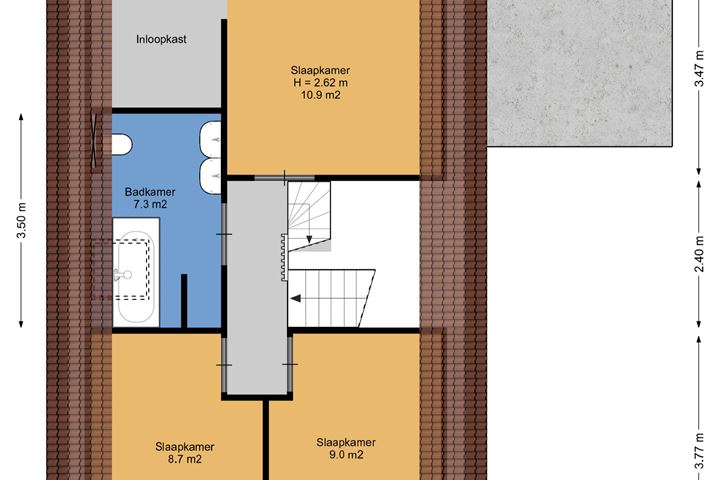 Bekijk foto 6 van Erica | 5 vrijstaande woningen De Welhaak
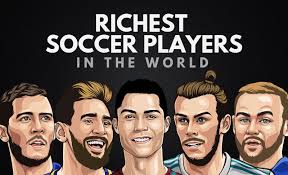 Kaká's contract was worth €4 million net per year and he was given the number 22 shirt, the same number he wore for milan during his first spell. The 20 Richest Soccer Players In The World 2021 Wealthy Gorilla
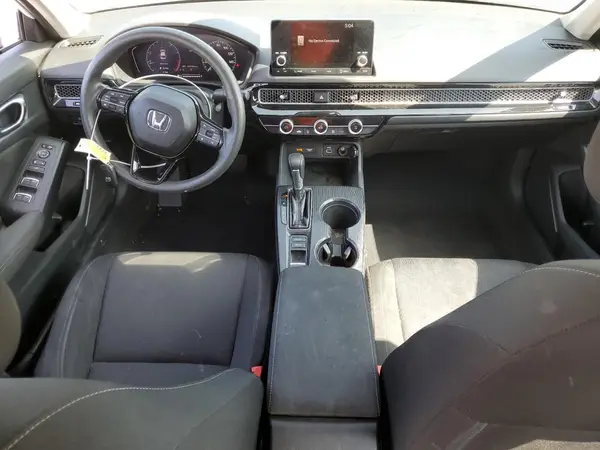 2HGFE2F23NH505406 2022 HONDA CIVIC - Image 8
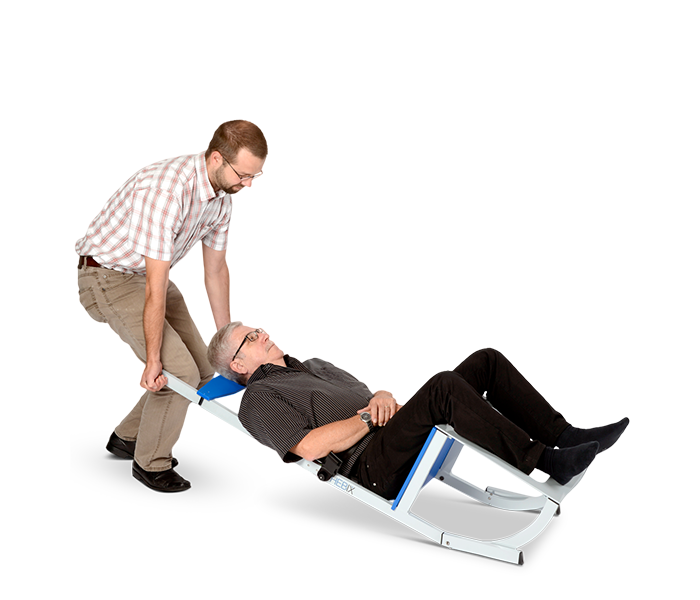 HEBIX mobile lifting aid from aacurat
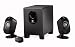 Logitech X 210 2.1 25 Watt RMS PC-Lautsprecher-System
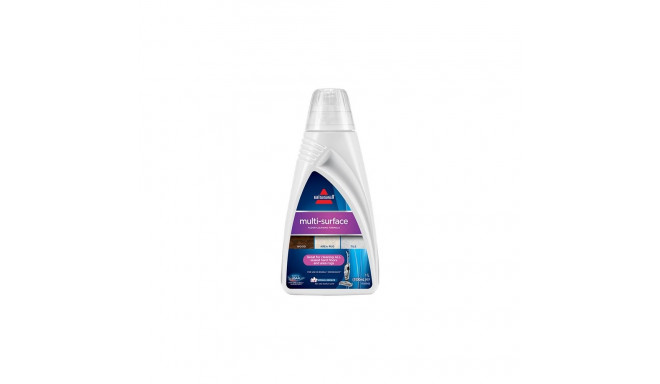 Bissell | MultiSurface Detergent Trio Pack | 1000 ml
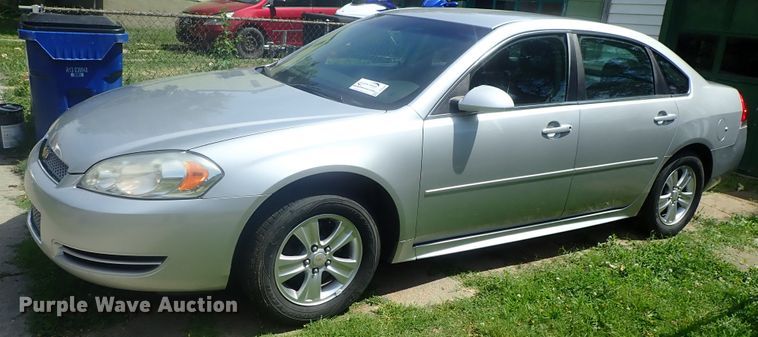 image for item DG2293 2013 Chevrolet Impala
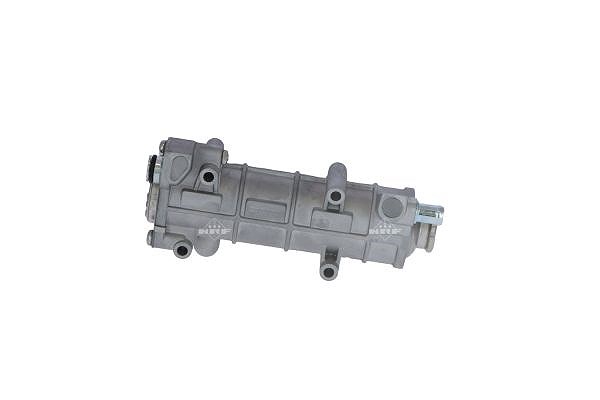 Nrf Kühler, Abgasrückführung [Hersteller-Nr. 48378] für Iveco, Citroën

● Activity:
The whole listing is to be retyped exactly, with its pictures removed.

● Expected answer:
 Bekijk foto 6 van Erica | 5 vrijstaande woningen De Welhaak
 Kaká's contract was worth €4 million net per year and he was given the number 22 shirt, the same number he wore for milan during his first spell. The 20 Richest Soccer Players In The World 2021 Wealthy Gorilla
 2HGFE2F23NH505406 2022 HONDA CIVIC - Image 8
 HEBIX mobile lifting aid from aacurat
 Logitech X 210 2.1 25 Watt RMS PC-Lautsprecher-System
 Bissell | MultiSurface Detergent Trio Pack | 1000 ml
 image for item DG2293 2013 Chevrolet Impala
 Nrf Kühler, Abgasrückführung [Hersteller-Nr. 48378] für Iveco, Citroën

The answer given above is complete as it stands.